Pardon, DC, but I looked up the Beznau plant on Google earth, and I'm having difficulty finding any dam upstream from the plant. Downstream, there's one, oh, 50km as the bird flies, but water doesn't run upstream in Switzerland, does it? I would like to think that there's a reason there isn't one upstream, and that it has something to do with planning ahead.
As for earthquakes, Switzerland is a place of minor quakes, not unlike Colorado in that regard; afterall, Africa is still shoving the Alps upward. Moody's gives it an IFSR (insurance financial strength rating, a rating of its own insurance exposure) of A1, stable. It appears to have had 20 or so quakes in the last month above the threshold of 3.0, highest was 4.3. A 6.0 is possible about once in 100 years, a 7.0 once in 1000 years.
Well, let's say that fission isn't the only technology.
Whatcha gonna do when these people start getting cold because the countries around start making power too expensive to buy? If the people starts demanding an answer, even if it's nuclear fission, is that going to be OK with you too?
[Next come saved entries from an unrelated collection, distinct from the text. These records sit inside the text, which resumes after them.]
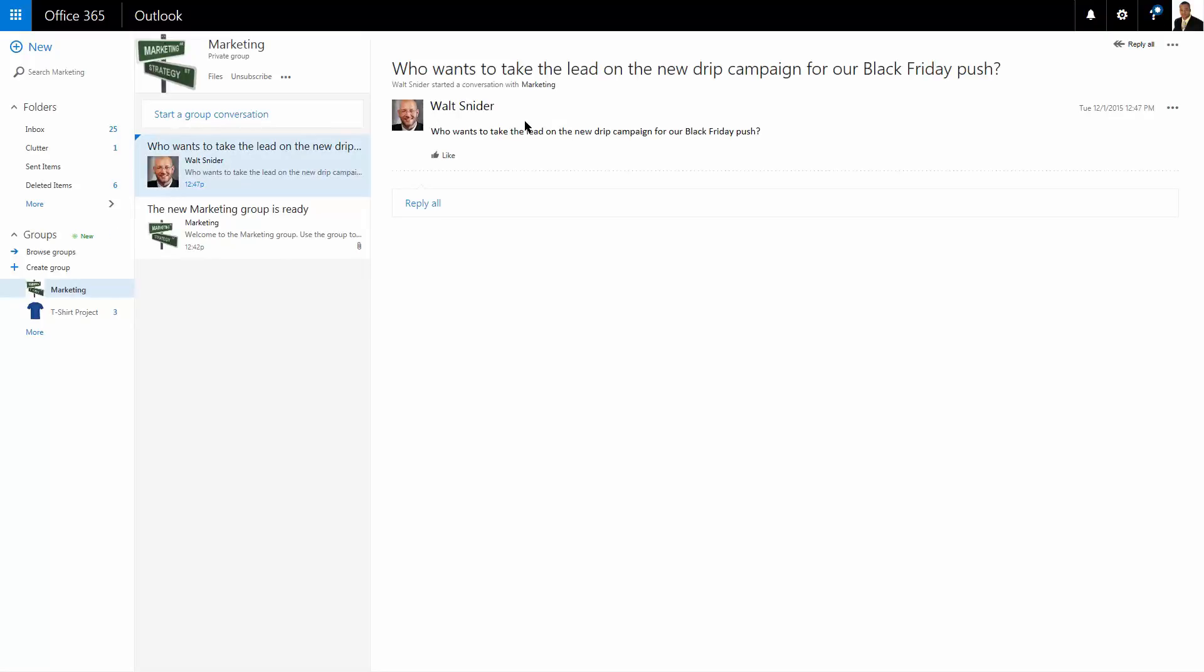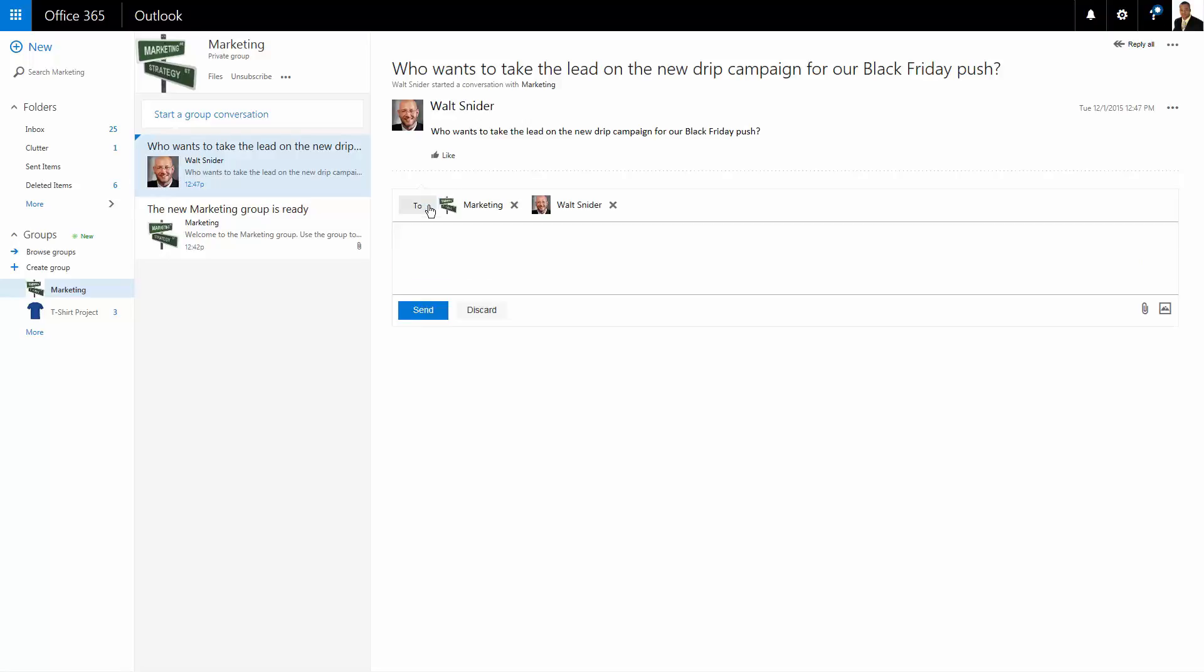And look, Walt has asked who wants to take the lead on the new drip campaign for the Black Friday push. John is a very forward person. He's going to accept that.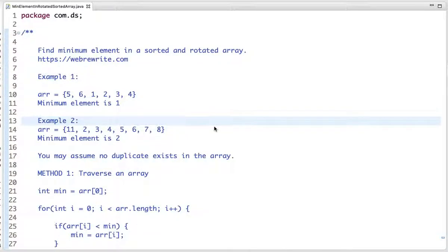Find the minimum element in a sorted and rotated array. Given an array that is rotated any number of times, we have to write code to find the minimum element present in it. Remember the property that the array is sorted — we will use this property in our solution.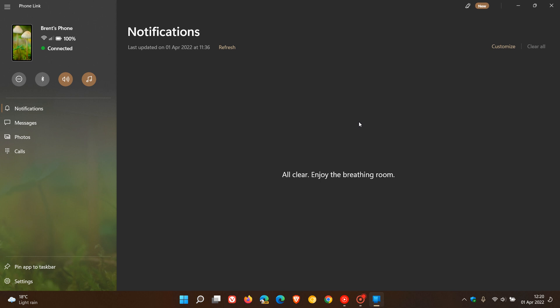As many of you know, the Phone Link app, previously known as Your Phone, lets you access your messages and photos on your PC from your Android device and also lets you make and receive calls in Windows in the Phone Link app.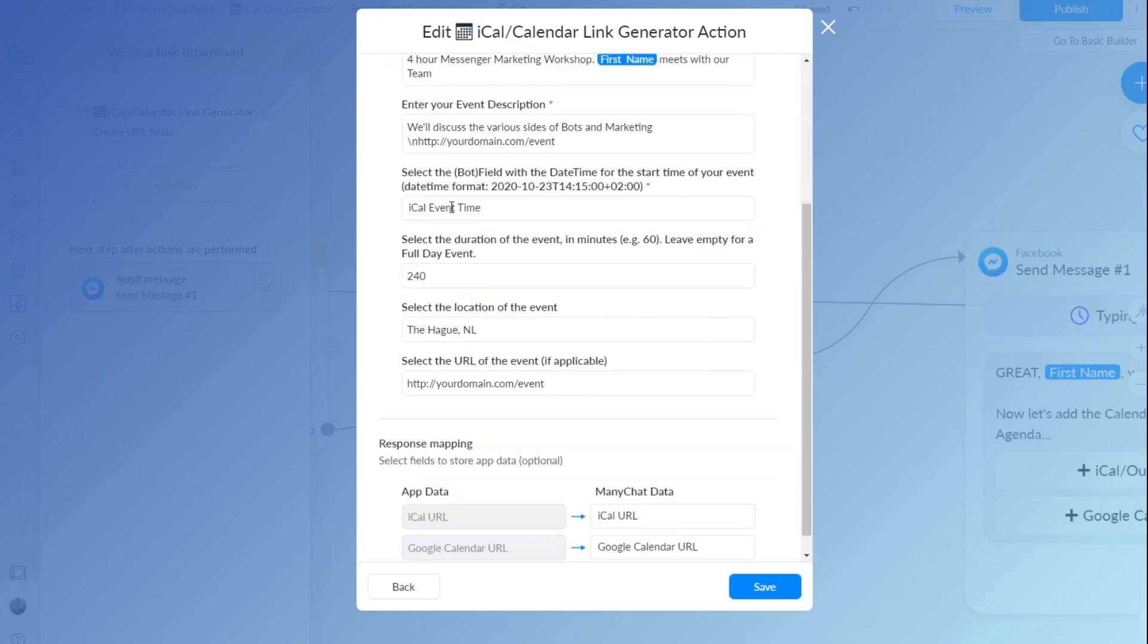Then the bot field date time, I just explained that. And then the duration of the event. If you leave this empty, it will create a one day event, so for the entire day. Otherwise, you just enter the amount of minutes here. So we just created a 4 hour event. So 4 hours equals 240 minutes.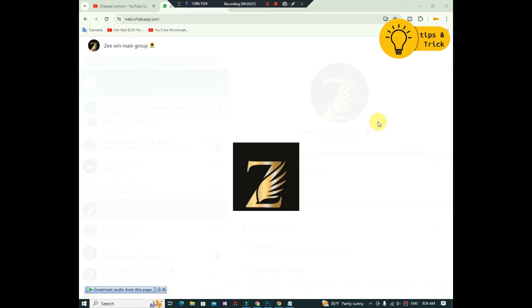The link in the description for the WhatsApp group. The main group will be able to join this.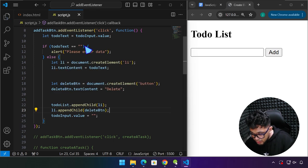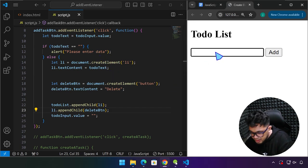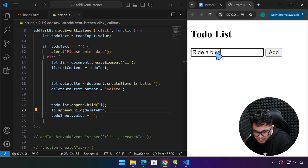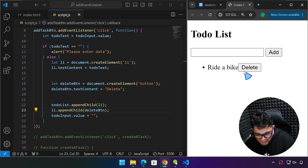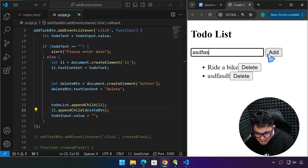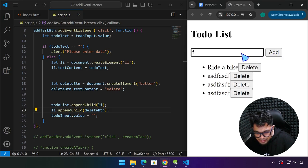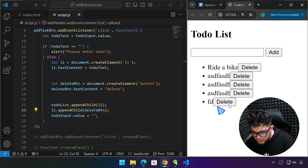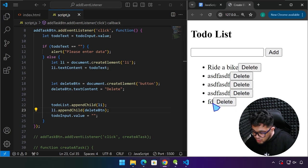Let's go ahead and try this out. Let's type some text — 'ride a bike', for example. Click Add, and there you have it — we have a delete button right there. Whatever we type, there is an associated delete button that comes with it.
Since I see you're touting geo, I'll point out that your relative safety from earthquakes comes at the cost of being a long way from active geothermal power as well. Wind and solar require a lot of land; you do have that available, right? While I certainly don't have a problem with wind turbines, I'm sure that there are lots of people that don't want them in their nice green alpine valleys. Shoot, we have problems with people calling them unsightly here in the US, where I can easily own a square mile of cow pasture and not have another human being in sight.